Emsal Mahkeme Kararı Bakırköy 3. Asliye Ticaret Mahkemesi 2019/443 E. 2021/733 K. 15.09.2021 T.

Görüntülediğiniz mahkeme kararı henüz kesinleşmemiştir. Yararlı olması amacıyla eklenmiştir.

T.C. BAKIRKÖY 3. ASLİYE TİCARET MAHKEMESİ

ESAS NO : 2019/443
KARAR NO : 2021/733

DAVA : Menfi Tespit (Kambiyo Senetlerinden Kaynaklanan)
DAVA TARİHİ : 18/06/2019
KARAR TARİHİ : 15/09/2021
KARAR YAZIM TARİHİ : 28/09/2021
Mahkememizde görülmekte olan Menfi Tespit (Kambiyo Senetlerinden Kaynaklanan) davasının yapılan açık yargılaması sonunda,
TALEP: Davacı vekili dava dilekçesi ile müvekkilinin takibe konu kambiyo senedinden kaynaklı davalı tarafa borcu bulunmadığını, müvekkilinin 2007-2008 yıllarında kot imalat işi yaptığını, davalıdan 24.360,00 TL değerinde toptan kumaş satın aldığını ve takibe konu senedi “teminat senedi” olarak verdiğini, kumaş bedelleri için …. Bankası … ve … nolu toplam 24.360,00 TL bedelli 2 adet çekin davalıya verildiğini, müvekkilinin ödeme aczine düştüğünü ve çeklerin ödenemediğini, müvekkilinin alacaklı olduğu … Giyim Şti. ile davalının anlaştığını ve müvekkilinin borcunun … Giyim Ltd. Şti. ye temlik ettiğini, davalının bu şirketten 24.000,00 TL bedelli senet aldığını, davalı tarafından bu senedin icra takibine konulduğunu ve haricen tahsil edildiğini, davalıya borçları olmadığını, takibin iptal edilmesini ve % 20 den aşağı olmamak üzere Kötüniyet tazminatına karar verilmesini talep etmiştir.
DELİLLER VE GEREKEÇE: Taraflara usulüne uygun tebligat yapılmıştır.
2004 Sayılı İcra ve İflas Kanunu(İİK)’nun 72/1. maddesi “Borçlu, icra takibinden önce veya takip sırasında borçlu bulunmadığını ispat için menfi tespit davası açabilir.” şeklindeki düzenlenmiştir.
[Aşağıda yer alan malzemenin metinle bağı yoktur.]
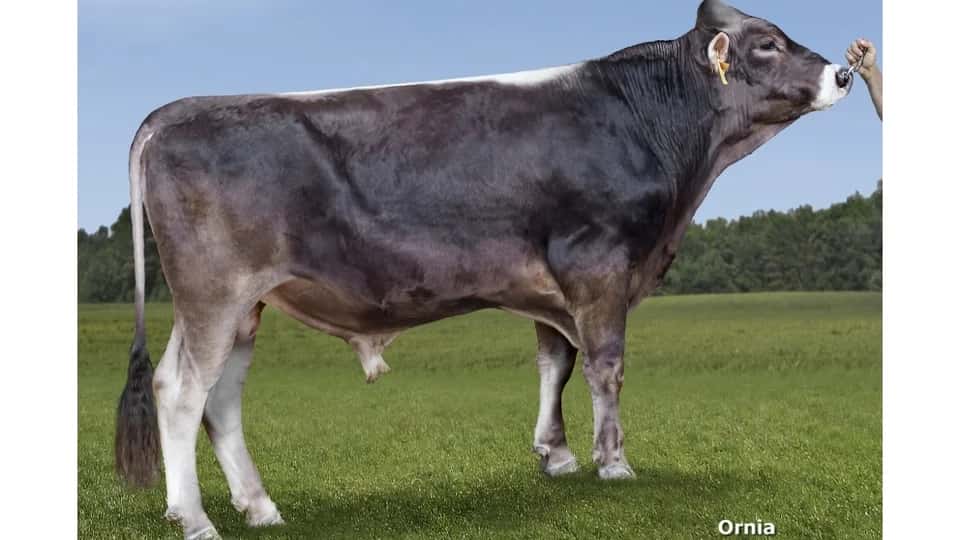 Rumi - Brune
Davacı taraf icra takibi başlatıldıktan sonra lehtar ve ciranta aleyhine İİK 72/1.maddesi uyarınca menfi tespit davası açmıştır.
Kural olarak menfi tespit davalarında ispat yükü alacaklı olduğunu iddia eden davalıdadır. Ancak davalının alacağı senete dayanıyorsa ispat yükü yer değiştirerek senetten dolayı borçlu olmadığını iddia eden davacı tarafa düşer. Senedin ihdas nedeni malen olarak belirtilmiş ise bu husus senedin verildiği anda malın teslim edildiğine karine teşkil eder. Bu durumda malın teslim edilmediğini dolayısıyla senedin bedelsiz olduğunu davacı usulüne uygun delillerle ispatlamalıdır.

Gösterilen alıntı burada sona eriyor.